BERCHTESGADEN. Diese Propagandafotos gingen um die Welt: Der private Adolf Hitler, der vom Obersalzberg in die Alpen blickt und Kinderköpfe tätschelt – die perfekt inszenierte Idylle. „Unsere Aufgabe ist es, solche Bilder gezielt zu dekonstruieren“, sagt Sven Keller. Der 41-jährige Historiker arbeitet seit 2015 für die Dokumentation Obersalzberg in Berchtesgaden. Am 1. Juni übernimmt er die Leitung von Axel Drecoll, und das in einer spannenden Phase. Das Museum wird seit mehr als einem Jahr umgebaut. Der Freistaat Bayern investiert 21 Millionen Euro. Die Ausstellungsfläche wird sich bis 2019 verdoppeln, um mit dem Besucheransturm mitzuhalten. Bei der Eröffnung 1999 war man von 40.000 Besuchern pro Jahr ausgegangen. Mittlerweile kommen 170.000 Menschen jährlich auf den Obersalzberg. „Nach dem Ausbau rechnen wir vorsichtig mit rund 200.000 Besuchern“, sagt Keller.
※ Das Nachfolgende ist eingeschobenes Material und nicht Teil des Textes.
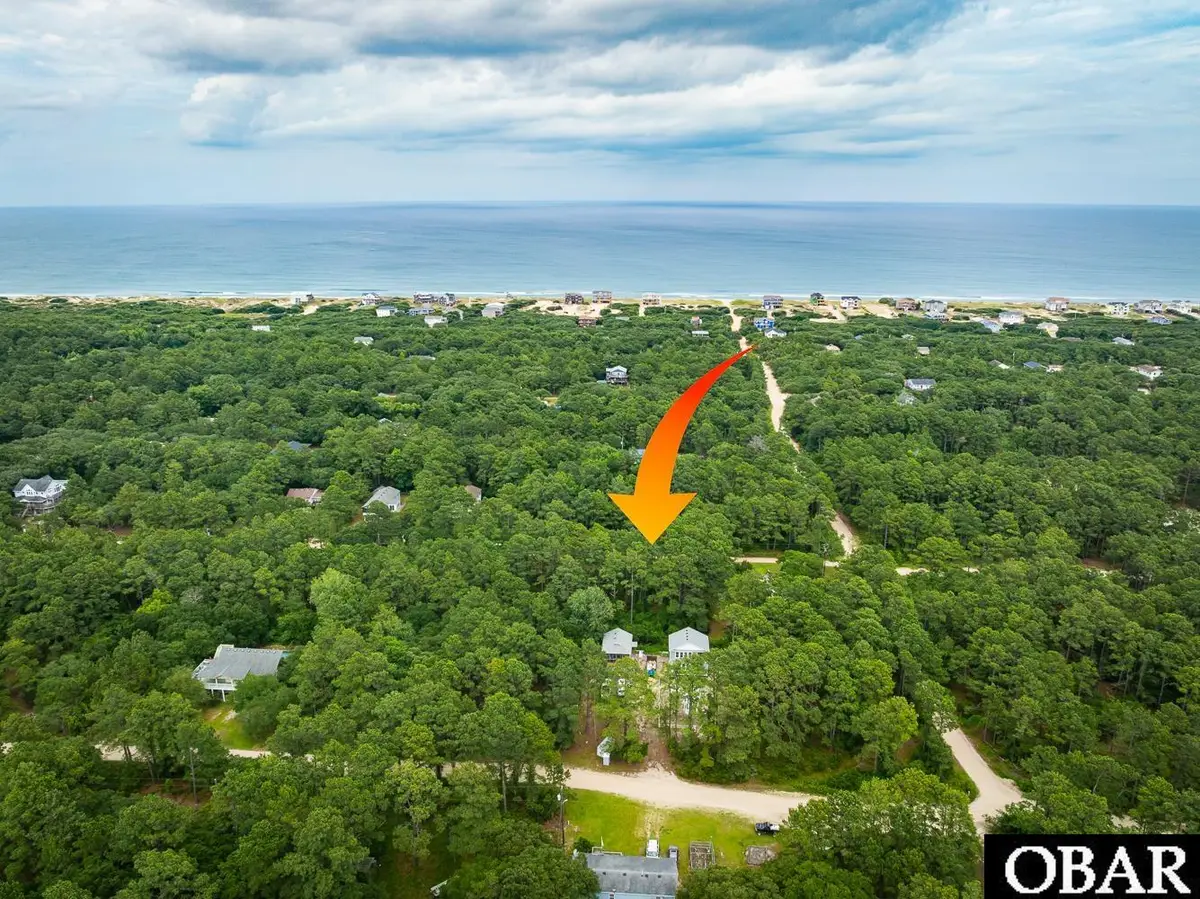 2378 Swan Island Road Lot 11, Corolla, NC 27927 - Image #1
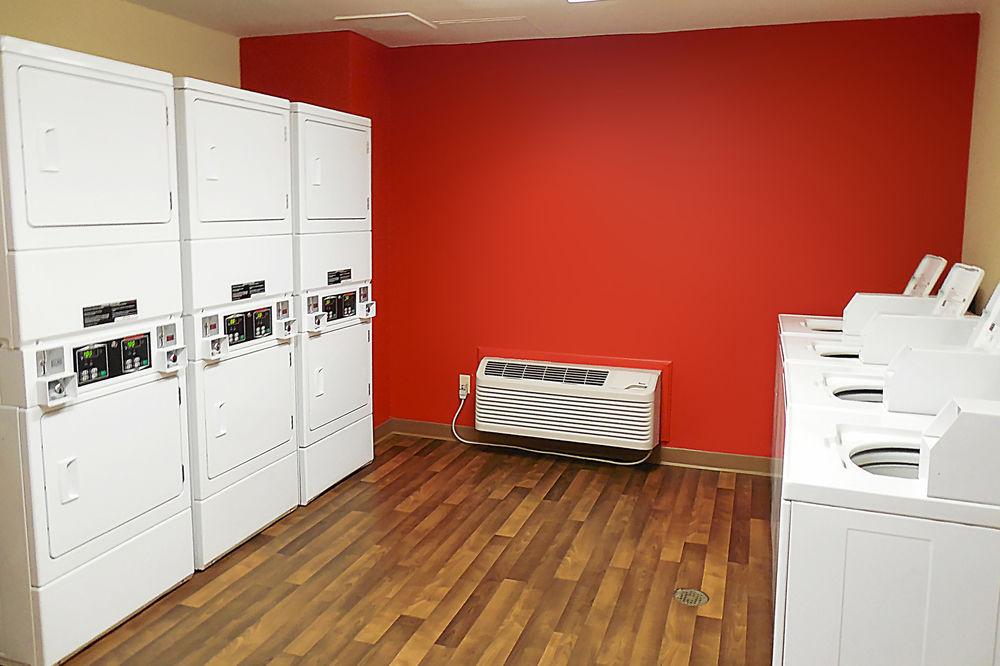 Varios Extended Stay America Select Suites - Jacksonville - Lenoir Avenue East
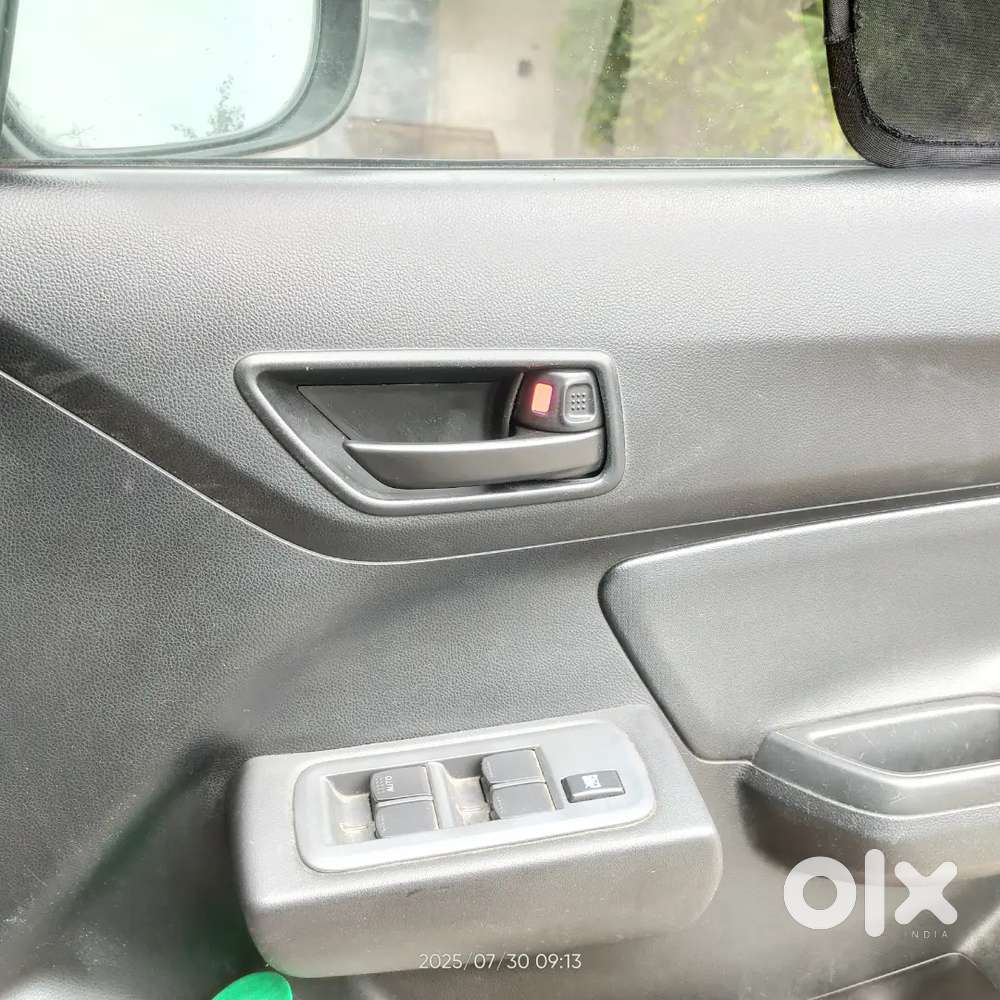 Maruti Suzuki Swift 2021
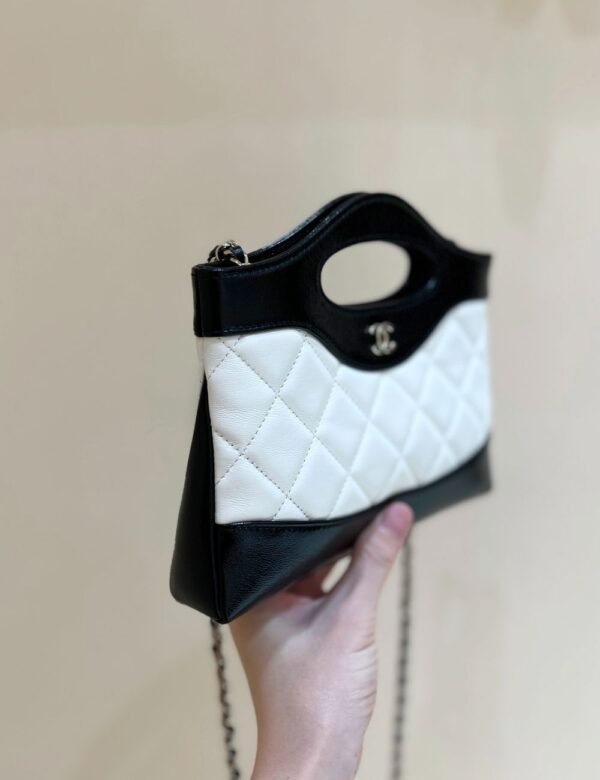 Chanel Bag 24S 31Bag Nano AP3656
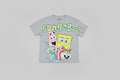 SpongeBob SquarePants Graphic T-Shirt
SKU: 52-INH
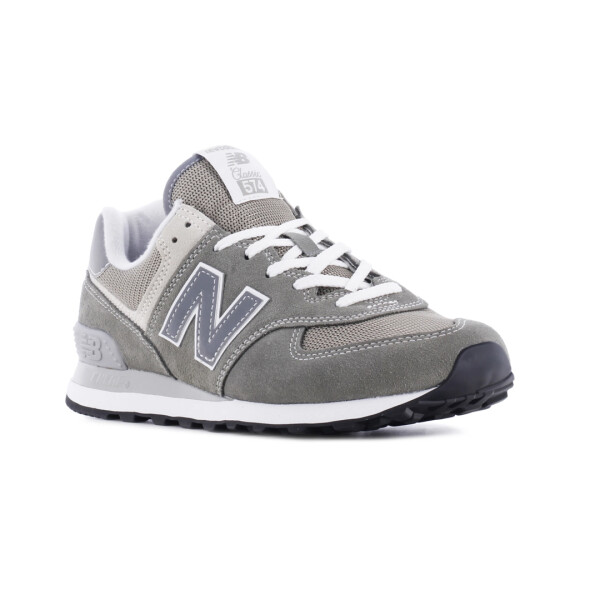 574 EVG - NEW BALANCE GRIS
Die größte Herausforderung sei es, den Obersalzberg historisch so zu besetzen, dass kein Platz für ein „Hitlermuseum“bleibe. „Das waren wir natürlich bisher auch nicht.“Es sei ein wesentlicher Verdienst der Dokumentation, dass der Obersalzberg kein Pilgerort für Rechte sei. „An gewissen Tagen findet man Grablichter oder Blumen im Bereich des ehemaligen Berghofs, aber das findet heimlich statt.“Die Dokumentation müsse sehr selten von ihrem Hausrecht Gebrauch machen. Mitarbeiter würden geschult, um „rechte Symbole“zu erkennen.
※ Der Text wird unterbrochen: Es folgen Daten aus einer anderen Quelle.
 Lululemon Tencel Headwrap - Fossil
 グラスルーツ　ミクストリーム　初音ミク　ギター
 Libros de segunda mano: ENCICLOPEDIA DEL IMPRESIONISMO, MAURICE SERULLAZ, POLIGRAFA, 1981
Keller studierte in Augsburg Geschichte und Politikwissenschaft und forschte unter anderem über die Rolle des Familienunternehmens Dr. Oetker in der NS-Zeit. In seiner Promotion beleuchtete er die besonders grausamen NS-Verbrechen im letzten Kriegsjahr 1944/45.
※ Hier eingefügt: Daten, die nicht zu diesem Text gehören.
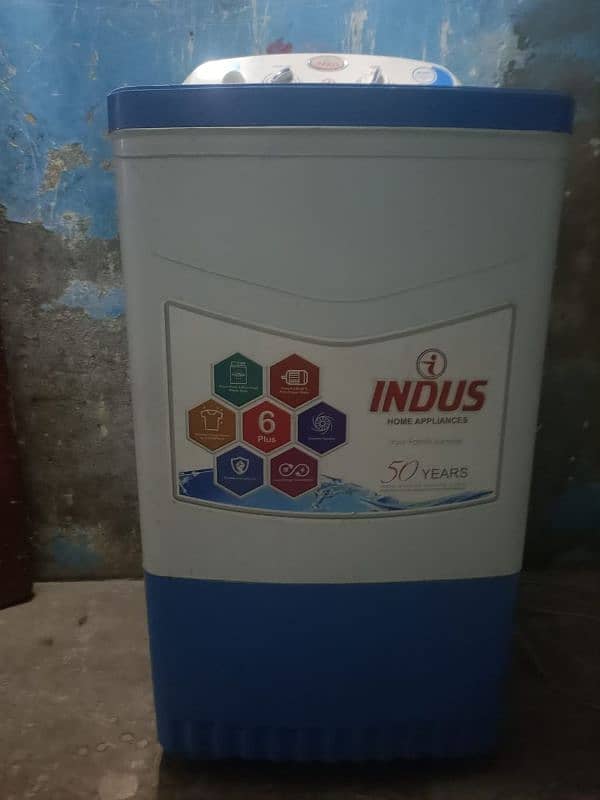 sell washing machine argant 2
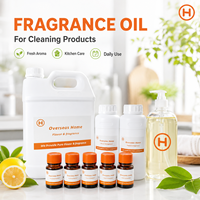 Parfum pour lessive liquide, formule huileuse, certifié HALA, coupe la graisse tenace, doux pour les mains, rinçage facile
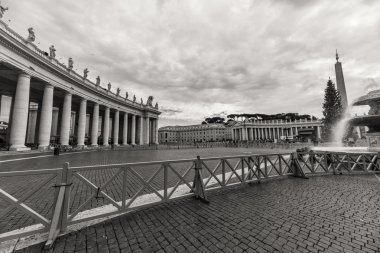 Roma - 12 Ocak: Güzel, muhteşem görkemli Roma. 12 Ocak 2016 Roma, İtalya.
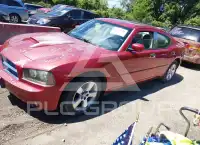 2007 Dodge CHARGER photo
Aus diesem Grund ist ihm auch die Verknüpfung zwischen dem Obersalzberg und den Entscheidungen, die dort getroffen wurden, ein besonderes Anliegen: „Hitler kam nicht hierher, um sich zu erholen. Das war sein zweiter Regierungssitz. Hier fiel im August 1939 die Entscheidung für den Überfall auf Polen und im Frühjahr 1941 für den Überfall auf die Sowjetunion.“
In der neuen Ausstellung wird die Verknüpfung zwischen dem Täterort Obersalzberg und Tatorten der NS-Verbrechen gezielt mit Biografien von Opfern hergestellt.